▶ _What you will do_
Lines below starting with the line with "Industrial hot water" and going on through the line with "girl funny posing" must be output exactly; the rest of the records must be left out.
Start of Data to process
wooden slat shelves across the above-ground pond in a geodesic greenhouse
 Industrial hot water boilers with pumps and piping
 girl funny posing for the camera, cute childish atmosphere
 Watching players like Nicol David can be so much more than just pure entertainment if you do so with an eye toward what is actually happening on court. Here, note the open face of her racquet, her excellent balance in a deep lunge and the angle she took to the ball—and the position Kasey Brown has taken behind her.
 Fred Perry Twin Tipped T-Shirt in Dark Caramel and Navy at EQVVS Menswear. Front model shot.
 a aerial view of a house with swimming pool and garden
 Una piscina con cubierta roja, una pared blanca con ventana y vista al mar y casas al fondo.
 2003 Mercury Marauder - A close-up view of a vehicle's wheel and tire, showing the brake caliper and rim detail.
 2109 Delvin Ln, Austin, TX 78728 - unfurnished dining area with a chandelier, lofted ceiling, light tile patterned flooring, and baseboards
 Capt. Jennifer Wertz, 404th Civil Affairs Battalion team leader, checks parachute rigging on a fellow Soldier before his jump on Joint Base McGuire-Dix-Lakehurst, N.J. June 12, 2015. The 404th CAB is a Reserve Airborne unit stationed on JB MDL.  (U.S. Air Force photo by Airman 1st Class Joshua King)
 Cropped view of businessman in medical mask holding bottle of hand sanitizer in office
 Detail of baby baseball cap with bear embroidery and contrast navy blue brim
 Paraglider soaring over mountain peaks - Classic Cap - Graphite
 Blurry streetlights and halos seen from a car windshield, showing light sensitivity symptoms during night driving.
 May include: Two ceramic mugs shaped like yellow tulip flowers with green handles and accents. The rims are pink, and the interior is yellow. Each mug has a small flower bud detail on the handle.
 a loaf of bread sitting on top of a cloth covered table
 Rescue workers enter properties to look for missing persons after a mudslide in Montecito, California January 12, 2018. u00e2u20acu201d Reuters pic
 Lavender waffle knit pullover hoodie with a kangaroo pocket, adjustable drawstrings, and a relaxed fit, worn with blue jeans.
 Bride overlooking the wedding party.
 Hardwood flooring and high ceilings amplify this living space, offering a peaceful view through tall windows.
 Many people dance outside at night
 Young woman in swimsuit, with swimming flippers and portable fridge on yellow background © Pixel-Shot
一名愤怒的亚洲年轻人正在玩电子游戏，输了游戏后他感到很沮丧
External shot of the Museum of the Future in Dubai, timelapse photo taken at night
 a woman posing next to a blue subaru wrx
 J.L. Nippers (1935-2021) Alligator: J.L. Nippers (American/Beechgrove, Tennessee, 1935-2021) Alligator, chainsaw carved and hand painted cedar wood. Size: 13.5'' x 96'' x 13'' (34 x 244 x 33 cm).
End of Data to process
▶ _Exercise output_
 Industrial hot water boilers with pumps and piping
 girl funny posing for the camera, cute childish atmosphere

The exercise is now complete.